Thursday, February 17th, 2005

This is an old movie - the first one I ever edited. It’s Jay pre-videoblogging, talking about ways to connect. Jay in 2003. (Quicktime, 7M)

Thursday, February 17th, 2005

I went to see The Gates in NYC central park. I saw so many people making video with small digital cameras, I wish they were all vloggers. This is my video (Quicktime, 10M):

Wednesday, February 16th, 2005

My own private TechTV on Flickr - Photo Sharing!: Eric Rice’s audioblog.com is getting bigger. Good stuff.

Wednesday, February 16th, 2005

Apple doesn’t get tags

Tuesday, February 15th, 2005

http://mefeedia.com/tags/gates/: this week Christo’s crazy art project “the gates” is in central park. Videobloggers are filming it (let’s be honest, EVERYONE I saw there was filming it) and movies are gathered in mefeedia around the ‘gates’ tag.

Thursday, February 10th, 2005

Vloggercon: Tools. (Quicktime) I was in this session. The cool thing with these vlogging tools is that, no matter how hard the big $$ companies try, all the really cool tools are being developed by us kids in the basement.

Thursday, February 10th, 2005

Vloggercon: Content is king. (Quicktime) “Discussion leaders: Steve Garfield, Mica Scalin, Ryanne Hodson, Chris Weagel, Jay Dedman Creating and posting videos is the key.”

Thursday, February 10th, 2005

Vloggercon: sustainability (Quicktime) Just another word for making money? Or more? I’m linking to these videos here so they can be tagged, sliced and diced in Mefeedia.

Thursday, February 10th, 2005

Vloggercon Masses Media (Quicktime) Discussion with Eli Chapman.

Thursday, February 10th, 2005

Vloggercon opening sessions. (Quicktime movie) The start of vloggercon.

Thursday, February 10th, 2005

Tagsurf: discussion software (”forum”) that uses tags instead of threads. Interesting experiment.

Thursday, February 10th, 2005

Alright, computer science majors, help needed:

A simple clustering algorythm; objects have tags assigned to them. How do I figure out which tags are “relate”, in other words, if given a tag, which other tags have been used to tag the same movies?

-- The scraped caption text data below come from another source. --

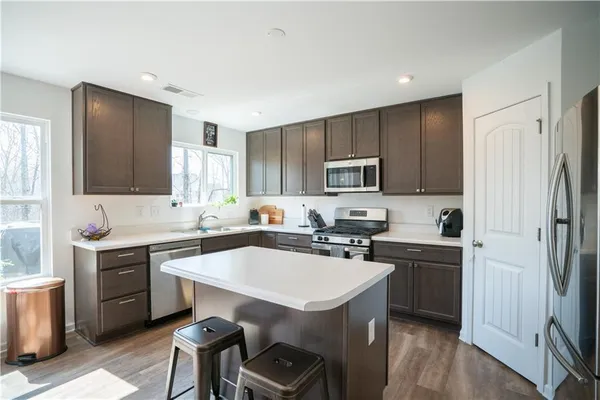 a kitchen with a sink a stove a refrigerator cabinets and furniture
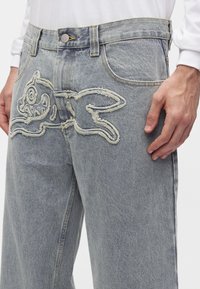 Ανοιχτό γκρι τζιν παντελόνι από denim με ανάγλυφο, υφασμάτινο σχέδιο σκύλου κεντημένο στην μπροστινή άνω περιοχή του μηρού.
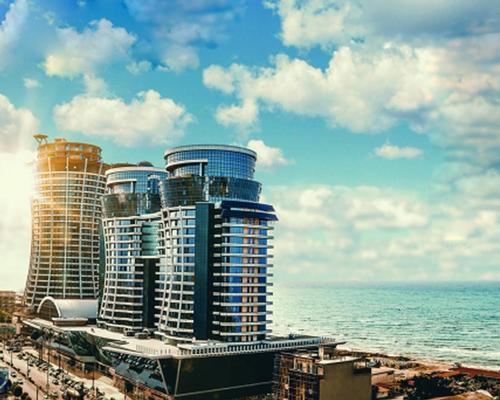The hotel will occupy a 130m (427ft) tall tower and will include 319 bedrooms, as well as seven restaurants and a spa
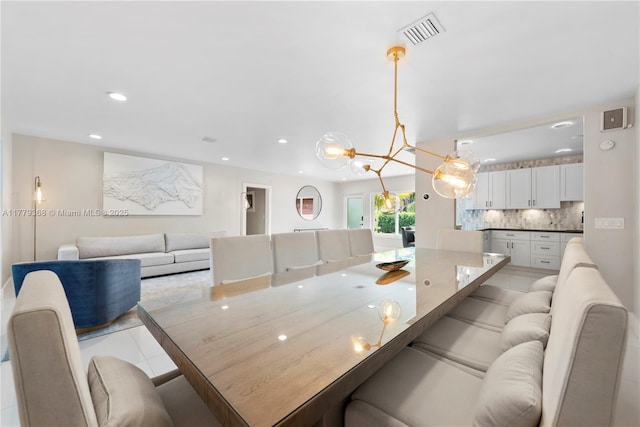 2243 Bayview Ln, North Miami, FL 33181 - dining room with visible vents, recessed lighting, light tile patterned floors, and an inviting chandelier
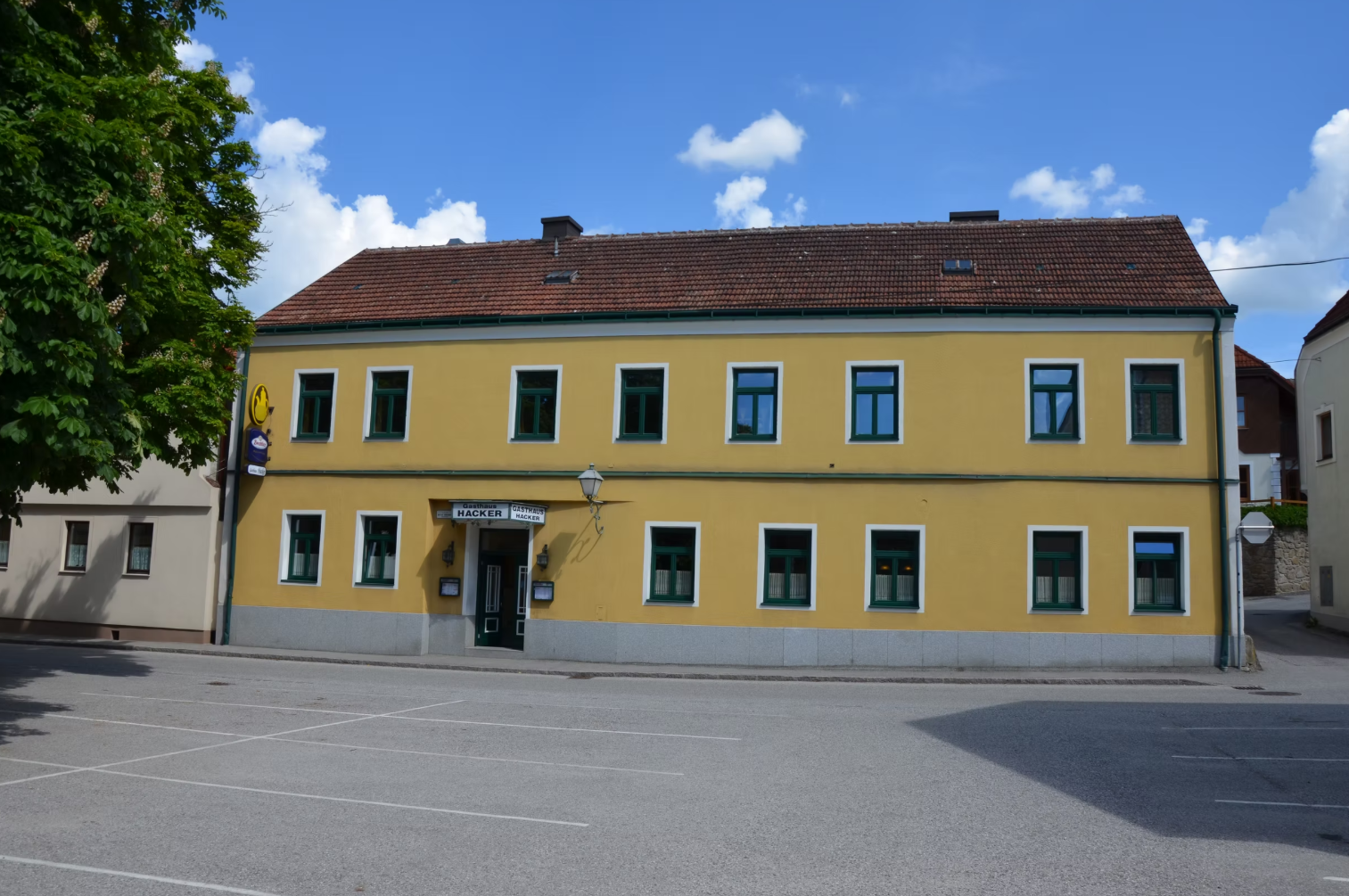 Yellow two-story building with green window frames and a sign with the inscription 'Gasthaus Georg Hacker'.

It needs to be efficient in MySQL, and the tables look like this:

objects (id, …)
tags2objects (tagid, objectid)
tags (id, …)

Thursday, February 10th, 2005

(1.2M Quicktime). I was trying to compare two cameras by filming simultaneously and then editing it together, but having different movie formats in my Vegas editing program really messed up the rendering: it ended up taking hours and hours. So I ended up with this little piece of crappy movie that doesn’t really let you compare the quality of the two cameras very much. Right.

The cameras I was comparing are the Mustek DV 4000 ($120) and the Canon Powershot SD 100 ($190 at Amazon).

The Canon is much better for videoblogging: better picture, better sound, and much better build quality. It will last a lot longer, and is not that much more expensive either. Disadvantages of the Canon: you can only film for about 30 secs on max resolution, a few minutes on the mid resolution (which is what I always use). It doesn’t adjust light to changing conditions, so if you move to a dark hallway while filming things come out very dark.

The Mustek:

The Canon:

Wednesday, February 9th, 2005

Google Maps is really, really impressive. Too bad it seems to be US only.

Wednesday, February 9th, 2005

(Quicktime, 1.5M) I was trying to compare two cameras, but when I started editing it things went wrong, rendering two different formats in one movie took hours, and I ended up with this useless crap. Oh well :)

Wednesday, February 9th, 2005

(11M, Quicktime). We were walking and talking about walking.

Tuesday, February 8th, 2005

Since I can’t get my external harddrives to work correctly with my laptop, I am using a different backup method now: FTP. I use SyncBack (free) to set up daily backups to a webserver I run. I’ll report back about how well this works. So far so good, I’ve started backing stuff up.